[Short descriptive text snippets]

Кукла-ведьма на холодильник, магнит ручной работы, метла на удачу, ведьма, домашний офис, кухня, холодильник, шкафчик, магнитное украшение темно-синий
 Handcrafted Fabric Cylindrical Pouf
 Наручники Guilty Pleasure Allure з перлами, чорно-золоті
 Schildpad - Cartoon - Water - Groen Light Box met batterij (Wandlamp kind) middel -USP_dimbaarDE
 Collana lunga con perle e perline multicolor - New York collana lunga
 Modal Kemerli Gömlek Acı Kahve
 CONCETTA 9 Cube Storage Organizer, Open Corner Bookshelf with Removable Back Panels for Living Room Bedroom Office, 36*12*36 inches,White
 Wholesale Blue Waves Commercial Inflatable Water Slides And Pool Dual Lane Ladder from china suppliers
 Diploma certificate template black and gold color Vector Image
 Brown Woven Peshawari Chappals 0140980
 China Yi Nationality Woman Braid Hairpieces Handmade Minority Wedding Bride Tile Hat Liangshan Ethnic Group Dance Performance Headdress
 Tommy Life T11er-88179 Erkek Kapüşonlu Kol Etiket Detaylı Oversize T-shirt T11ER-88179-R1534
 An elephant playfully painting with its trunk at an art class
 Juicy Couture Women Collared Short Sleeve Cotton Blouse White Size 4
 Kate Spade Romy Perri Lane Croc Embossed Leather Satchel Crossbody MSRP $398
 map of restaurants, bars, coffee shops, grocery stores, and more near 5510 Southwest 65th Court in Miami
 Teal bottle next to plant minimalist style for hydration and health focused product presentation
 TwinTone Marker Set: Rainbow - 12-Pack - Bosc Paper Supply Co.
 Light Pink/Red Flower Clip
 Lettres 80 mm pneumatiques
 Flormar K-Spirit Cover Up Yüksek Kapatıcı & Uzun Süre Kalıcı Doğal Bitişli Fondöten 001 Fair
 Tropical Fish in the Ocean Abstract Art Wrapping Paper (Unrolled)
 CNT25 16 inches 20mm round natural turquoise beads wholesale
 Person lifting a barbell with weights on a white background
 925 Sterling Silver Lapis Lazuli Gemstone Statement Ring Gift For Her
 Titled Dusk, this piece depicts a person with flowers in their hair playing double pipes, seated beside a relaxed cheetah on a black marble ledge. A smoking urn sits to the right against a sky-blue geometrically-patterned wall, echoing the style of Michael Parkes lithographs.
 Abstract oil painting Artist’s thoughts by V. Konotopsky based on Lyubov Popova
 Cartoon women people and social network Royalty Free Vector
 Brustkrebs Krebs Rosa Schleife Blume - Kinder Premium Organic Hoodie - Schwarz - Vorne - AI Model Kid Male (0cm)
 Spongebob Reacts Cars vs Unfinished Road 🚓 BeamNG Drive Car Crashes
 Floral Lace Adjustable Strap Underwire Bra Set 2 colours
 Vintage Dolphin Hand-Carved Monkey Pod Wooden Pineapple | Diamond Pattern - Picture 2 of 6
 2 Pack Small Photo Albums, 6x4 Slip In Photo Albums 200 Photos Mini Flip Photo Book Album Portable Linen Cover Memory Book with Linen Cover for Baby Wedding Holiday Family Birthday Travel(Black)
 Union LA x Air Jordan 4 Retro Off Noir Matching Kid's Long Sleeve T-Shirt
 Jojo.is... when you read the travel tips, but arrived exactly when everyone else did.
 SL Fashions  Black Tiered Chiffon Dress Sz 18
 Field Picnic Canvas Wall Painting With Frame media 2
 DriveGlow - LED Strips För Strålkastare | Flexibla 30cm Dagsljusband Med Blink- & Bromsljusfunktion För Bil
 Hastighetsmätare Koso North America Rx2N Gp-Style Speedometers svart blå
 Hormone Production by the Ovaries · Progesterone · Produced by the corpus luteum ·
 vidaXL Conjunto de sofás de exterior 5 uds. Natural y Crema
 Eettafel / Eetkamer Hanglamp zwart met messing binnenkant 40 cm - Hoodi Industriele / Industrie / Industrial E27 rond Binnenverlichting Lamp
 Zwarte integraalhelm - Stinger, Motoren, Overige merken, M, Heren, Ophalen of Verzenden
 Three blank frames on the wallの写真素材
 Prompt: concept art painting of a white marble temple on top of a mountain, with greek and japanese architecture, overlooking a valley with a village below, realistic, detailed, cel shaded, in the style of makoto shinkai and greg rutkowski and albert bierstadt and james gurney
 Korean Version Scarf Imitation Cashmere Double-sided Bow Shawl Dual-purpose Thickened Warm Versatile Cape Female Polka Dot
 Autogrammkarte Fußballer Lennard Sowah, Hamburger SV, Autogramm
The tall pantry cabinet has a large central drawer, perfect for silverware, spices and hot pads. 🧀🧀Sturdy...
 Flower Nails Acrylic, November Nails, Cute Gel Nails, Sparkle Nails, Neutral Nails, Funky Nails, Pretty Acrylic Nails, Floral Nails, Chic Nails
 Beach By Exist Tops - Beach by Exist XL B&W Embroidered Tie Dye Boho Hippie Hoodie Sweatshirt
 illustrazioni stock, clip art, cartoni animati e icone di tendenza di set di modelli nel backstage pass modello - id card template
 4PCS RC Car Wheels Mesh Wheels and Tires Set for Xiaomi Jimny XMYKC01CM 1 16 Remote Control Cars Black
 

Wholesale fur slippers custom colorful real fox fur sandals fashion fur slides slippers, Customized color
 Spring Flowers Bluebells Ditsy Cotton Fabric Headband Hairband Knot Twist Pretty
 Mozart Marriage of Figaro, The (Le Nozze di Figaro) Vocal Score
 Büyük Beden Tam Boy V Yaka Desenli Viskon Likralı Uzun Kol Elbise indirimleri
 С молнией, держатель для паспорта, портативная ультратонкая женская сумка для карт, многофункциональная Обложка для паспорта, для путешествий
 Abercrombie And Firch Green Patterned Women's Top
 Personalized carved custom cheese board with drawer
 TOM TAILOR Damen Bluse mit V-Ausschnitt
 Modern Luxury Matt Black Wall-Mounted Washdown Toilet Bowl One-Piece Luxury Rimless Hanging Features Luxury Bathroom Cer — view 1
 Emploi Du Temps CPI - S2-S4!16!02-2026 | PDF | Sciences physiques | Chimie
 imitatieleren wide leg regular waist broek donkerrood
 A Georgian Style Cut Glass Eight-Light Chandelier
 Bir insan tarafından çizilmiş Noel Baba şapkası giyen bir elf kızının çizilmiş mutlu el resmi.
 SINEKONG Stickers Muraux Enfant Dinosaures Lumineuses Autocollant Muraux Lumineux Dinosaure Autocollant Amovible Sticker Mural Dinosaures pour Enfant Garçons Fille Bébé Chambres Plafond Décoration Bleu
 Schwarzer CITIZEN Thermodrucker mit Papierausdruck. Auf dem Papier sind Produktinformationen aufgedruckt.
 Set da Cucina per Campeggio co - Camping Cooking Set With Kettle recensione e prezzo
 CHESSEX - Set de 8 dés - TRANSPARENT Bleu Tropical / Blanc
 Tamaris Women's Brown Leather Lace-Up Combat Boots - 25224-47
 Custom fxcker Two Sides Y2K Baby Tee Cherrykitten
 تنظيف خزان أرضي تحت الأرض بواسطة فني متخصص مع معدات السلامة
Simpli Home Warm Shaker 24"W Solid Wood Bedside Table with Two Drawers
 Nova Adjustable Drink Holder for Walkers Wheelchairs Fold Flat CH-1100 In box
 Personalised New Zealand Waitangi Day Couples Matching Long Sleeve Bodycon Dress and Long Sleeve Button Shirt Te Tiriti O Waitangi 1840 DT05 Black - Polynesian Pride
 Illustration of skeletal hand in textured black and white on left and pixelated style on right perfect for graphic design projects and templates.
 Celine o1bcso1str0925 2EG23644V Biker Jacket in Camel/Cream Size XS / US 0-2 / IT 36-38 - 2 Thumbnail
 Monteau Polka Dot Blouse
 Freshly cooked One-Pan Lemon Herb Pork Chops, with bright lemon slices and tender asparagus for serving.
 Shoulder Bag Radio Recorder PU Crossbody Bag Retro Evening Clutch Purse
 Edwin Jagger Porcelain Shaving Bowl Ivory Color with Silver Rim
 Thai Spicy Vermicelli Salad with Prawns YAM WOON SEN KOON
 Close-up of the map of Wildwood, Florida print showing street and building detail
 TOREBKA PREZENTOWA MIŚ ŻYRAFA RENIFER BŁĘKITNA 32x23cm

**Directions for this task:** From the records above, give again exactly the lines running from the line with "Field Picnic Canvas" to the line with "Spring Flowers Bluebells", inclusive.

**Problem solution:**
 Field Picnic Canvas Wall Painting With Frame media 2
 DriveGlow - LED Strips För Strålkastare | Flexibla 30cm Dagsljusband Med Blink- & Bromsljusfunktion För Bil
 Hastighetsmätare Koso North America Rx2N Gp-Style Speedometers svart blå
 Hormone Production by the Ovaries · Progesterone · Produced by the corpus luteum ·
 vidaXL Conjunto de sofás de exterior 5 uds. Natural y Crema
 Eettafel / Eetkamer Hanglamp zwart met messing binnenkant 40 cm - Hoodi Industriele / Industrie / Industrial E27 rond Binnenverlichting Lamp
 Zwarte integraalhelm - Stinger, Motoren, Overige merken, M, Heren, Ophalen of Verzenden
 Three blank frames on the wallの写真素材
 Prompt: concept art painting of a white marble temple on top of a mountain, with greek and japanese architecture, overlooking a valley with a village below, realistic, detailed, cel shaded, in the style of makoto shinkai and greg rutkowski and albert bierstadt and james gurney
 Korean Version Scarf Imitation Cashmere Double-sided Bow Shawl Dual-purpose Thickened Warm Versatile Cape Female Polka Dot
 Autogrammkarte Fußballer Lennard Sowah, Hamburger SV, Autogramm
The tall pantry cabinet has a large central drawer, perfect for silverware, spices and hot pads. 🧀🧀Sturdy...
 Flower Nails Acrylic, November Nails, Cute Gel Nails, Sparkle Nails, Neutral Nails, Funky Nails, Pretty Acrylic Nails, Floral Nails, Chic Nails
 Beach By Exist Tops - Beach by Exist XL B&W Embroidered Tie Dye Boho Hippie Hoodie Sweatshirt
 illustrazioni stock, clip art, cartoni animati e icone di tendenza di set di modelli nel backstage pass modello - id card template
 4PCS RC Car Wheels Mesh Wheels and Tires Set for Xiaomi Jimny XMYKC01CM 1 16 Remote Control Cars Black
 

Wholesale fur slippers custom colorful real fox fur sandals fashion fur slides slippers, Customized color
 Spring Flowers Bluebells Ditsy Cotton Fabric Headband Hairband Knot Twist Pretty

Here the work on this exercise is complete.